As the U.S. continues to cope with the fallout from financial crisis and as unemployment hovers around 10 percent, many are starting the new year with one goal in mind: finding a job. Although some may have luck, others are finding that the job market is unforgivable. In fact, unemployment seems to be affecting certain segments of the population worse than others.
According to a recent All Things Considered report on National Public Radio, 52 percent of African-American males between the ages of 16 and 19 are unemployed. This is an alarming statistic, and one that highlights the crisis facing at-risk youth in America today.
From the report:
Academics believe fewer than 14 in 100 young black men actually have jobs. Washington, DC has the worst teen employment rate in the country, according to the Bureau of Labor Statistics.
This problem has serious long-term effects, as Andrew Sum with the Center for Labor Market Studies says that young people need to work during their teen years:
“These people who work a lot when they’re teenagers not only benefit when they’re teenagers, but they also will work more and earn more when they’re 25 years old,” he says. “The more you work now, the more you work tomorrow.”
And working as a teen leads to higher high school graduation rates, steadier and higher-paying employment down the road, and lower rates of criminal activity.
The report lists discrimination, a lack of professional networks, and the fact that older workers laid off from higher-paying jobs are filling entry-level jobs as reasons why young black men are having difficulties in the labor market.
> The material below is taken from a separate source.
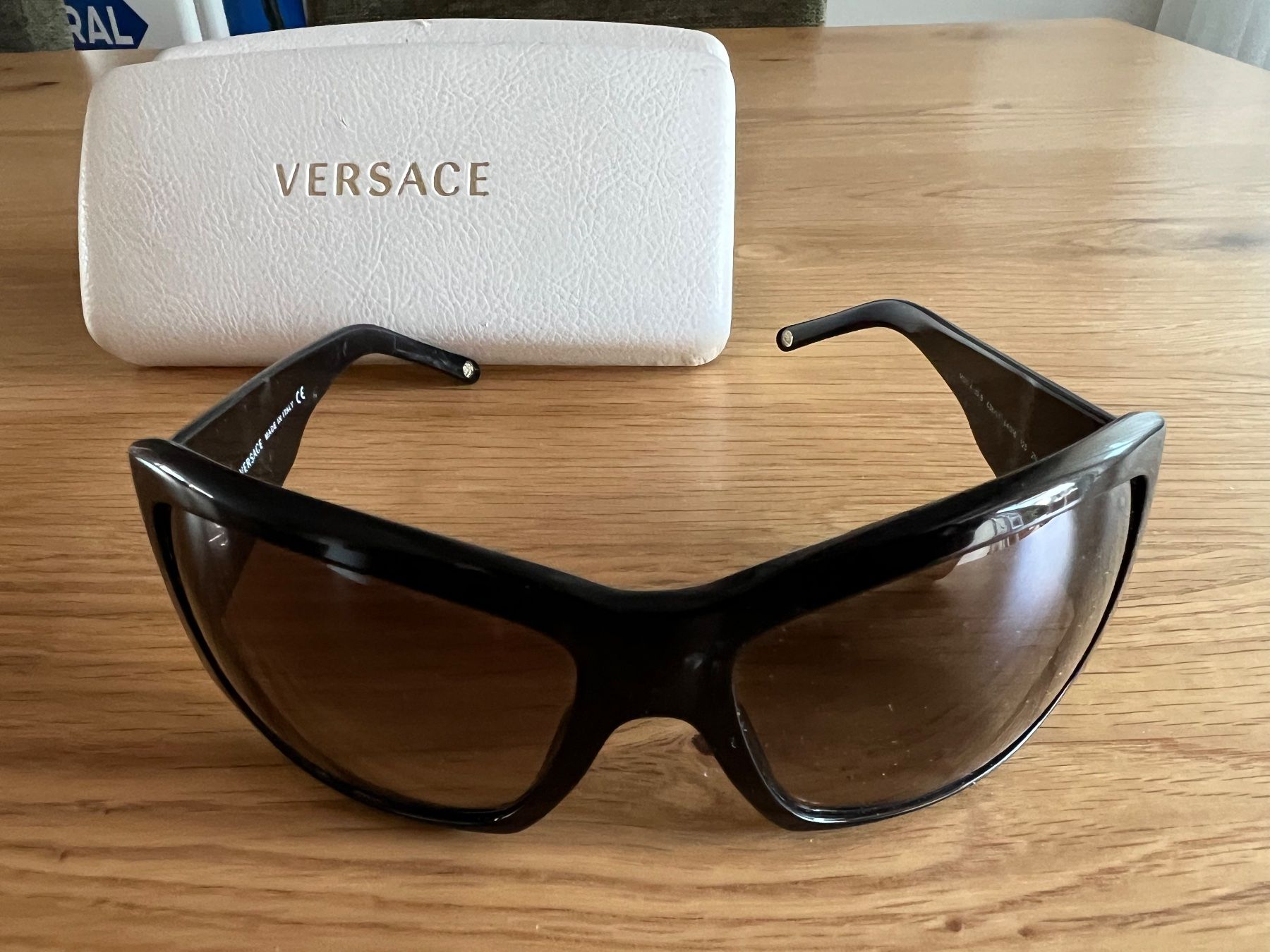 Versace Occhiali & Lenti: VERSACE Sonnenbrille Damen – Usato da Brütten venduto da mcstern 1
But what may be at the root of the problem is that young people in America simply lack the skills needed to enter the workforce. Corporate Voices for Working Families is addressing this problem in concert with other organizations though the Ready by 21 Partnership, which aims to improve the odds that young people will succeed throughout high school and be ready for college, work, and life. The Ready by 21 Partnership is a coalition of prominent organizations whose members reach more than 100 million youth across the country. Corporate Voices plans to engage business leaders to help them create partnerships within their local communities to ensure that youth are ready for work.
Ready by 21 is among other major new initiatives Corporate Voices is undertaking to address the urgent need to improve workforce readiness in the U.S.